Most importantly, the entire administration (no exceptions) called all 1,550 members in Saskatchewan in one single business week. This produced an action saying, “We know you didn’t feel heard before, and we know you’ve been through a lot, but we hear you now. Tell us what we can do to make your life easier.” This simple gesture turned heads in the industry and was the action that allowed the start of a new commitment and stronger relationship with the membership.
The association is also tapping into its influencers more, especially brokers, to ensure any development hits the right mark as we master our basics. 2022 has a strong focus on mastering our basics. We cannot consider growing until we do our basics well with what we have. And our influencers remind us of what it takes to get there.
The board is also embarking on a risk mitigation journey, owning the process of identifying and defining challenges on the horizon that have the potential to hit our province and our association and impact the real estate sector. A new structure requires new analysis.
And this feeds into our government relations – proactively moving the dial on identified priorities while also having the capability to respond quickly to unexpected actions and decisions. And to be successful in this, collaborations are key. We have spent so much of the amalgamation journey looking in, now is the time to look out, build relationships and own the real estate narrative in Saskatchewan.
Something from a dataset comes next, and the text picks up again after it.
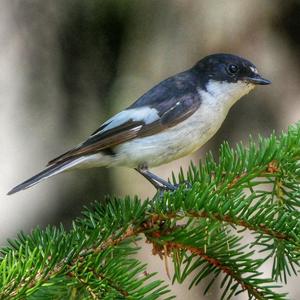 European Pied Flycatcher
To use a team building metaphor, the association’s focus and work has moved from a “storming phase” into a “norming phase.” And the first step of that norming phase is mastering the basics – to excel in understanding and delivering the essential services and supports members need, and to be responsive to their needs over time.
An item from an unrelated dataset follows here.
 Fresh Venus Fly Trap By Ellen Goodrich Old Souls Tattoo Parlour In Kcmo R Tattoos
“The fox knows many things, but the hedgehog knows one big thing.” That’s how the association’s 2022 board chair elect Jeff Stewart describes what the focus is now and into the future for the SRA. “We have finally figured out what we’re doing, and we’re striving to do it really, really well. Like Jim Collins says in his book, Good to Great, we’re going to be the best in class, like the hedgehog, and I feel like that’s where we are headed.”
The association has its first strategic plan in place, which focuses on five key pillars that includes Realtor engagement, education and professional standards, innovation and technology, governance and government and external relations.
The administration is working to improve how data is captured, which will in turn improve the association’s key performance indicators and support the board’s monitoring work.
A fee holiday for members was also recently announced, set to happen in June, a sign that the amalgamation, in combination with the pandemic, created significant efficiencies and savings in 2021.
The results of those lessons learned, merging culture, systems and practices, listening and engaging more with the membership are showing results and the membership is now seeing those benefits. Now, with a revamped governance model, a reorganized and engaged team and a strong Board of Directors that places high value on constant education and learning, SRA is well-positioned to be the influential leader and trusted resource providing powerful support to its Realtors.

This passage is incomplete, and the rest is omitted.